Hi all, I’m new to working with InfluxDB and working to wrap my wetware around the storage model and best practices and would love some advice.

I have the following scenario: I’m storing a stream of event objects, each of which has the same set of attributes. As a reduced example, lets think of them as {time, measure, location_group, location, val1, val2, val3}.

These are originating from live sources with ms accuracy (tagged at the source), as well as batch imports from systems with much lower time granularity (minutes or ten’s of minutes - human survey info).

In an ideal world location_group and location would both be tags, however location is a string with a potentially high number of variations, making this not possible without severely blowing out series cardinality. As a result, it is currently mapped to a field along with val1, val2 and val3.

When querying with flux it’s possible to pivot on time and location_group to restore the original events… unless there are two with the same location_group at the same moment in time. This situation occurs frequently from the low time granularity source (e.g. a reading at 09:30am). When this happens events are overwritten at storage time as they share the same timestamp, measure and tagset.

To counteract this, one approach that I’ve been experimenting with is to hash the location into 20 bits noise that is appended to the timestamp prior to storage. This provides unique, deterministic time values for pivoting at the expense of up to ~1.04ms of error (which is fine for this use case).

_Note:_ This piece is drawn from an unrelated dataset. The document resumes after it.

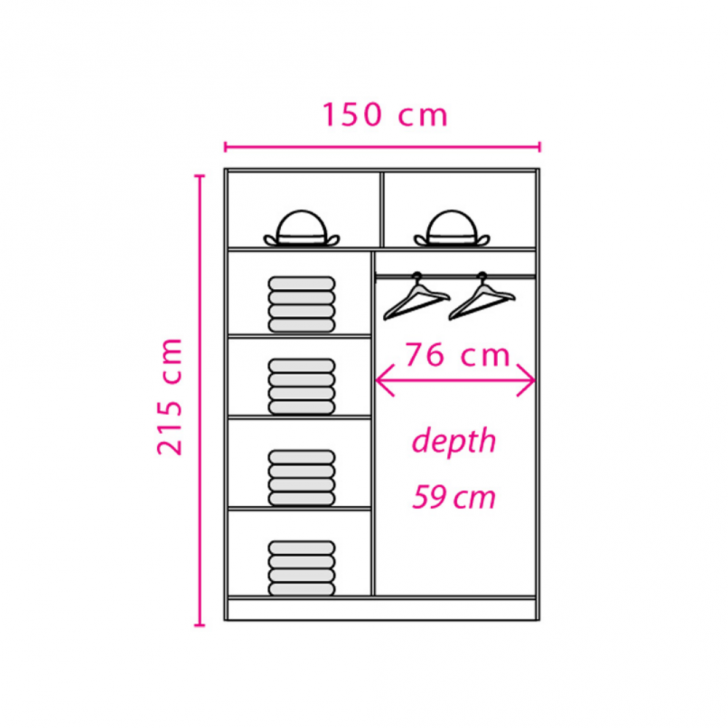 Jacob 1.5m Sliding Wardrobe  - White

This works, but feels hacky. It also looks as it may impact compression based on info here.

Are other approaches for handling this situation?

@kim, I’d have to look at some sample data to give you a definitive “yes,” but if I understand the nature of your data and what you’re trying to accomplish, it is possible with Flux. I don’t know that you need to pivot by both time and location_group though. The table groupings should already group by location_group after the pivot.

from(bucket: "example-bucket")
  |> range(start: -1h)
  |> pivot(rowKey: ["_time", "location_group"], columnKey: ["_field"], valueColumn: "_value")

Awesome. Thanks @scott.

The pivot uses both the time and location_group as keys to reduce the probability of a hash collision. It drops the collision space from all location identifiers, to just those within a location group (there’s a few other tags that are used for keying in the ‘real’ model too). This lets this setup get away with a smaller hash output (less timestamp noise), at the expense of a little more complexity when pivoting.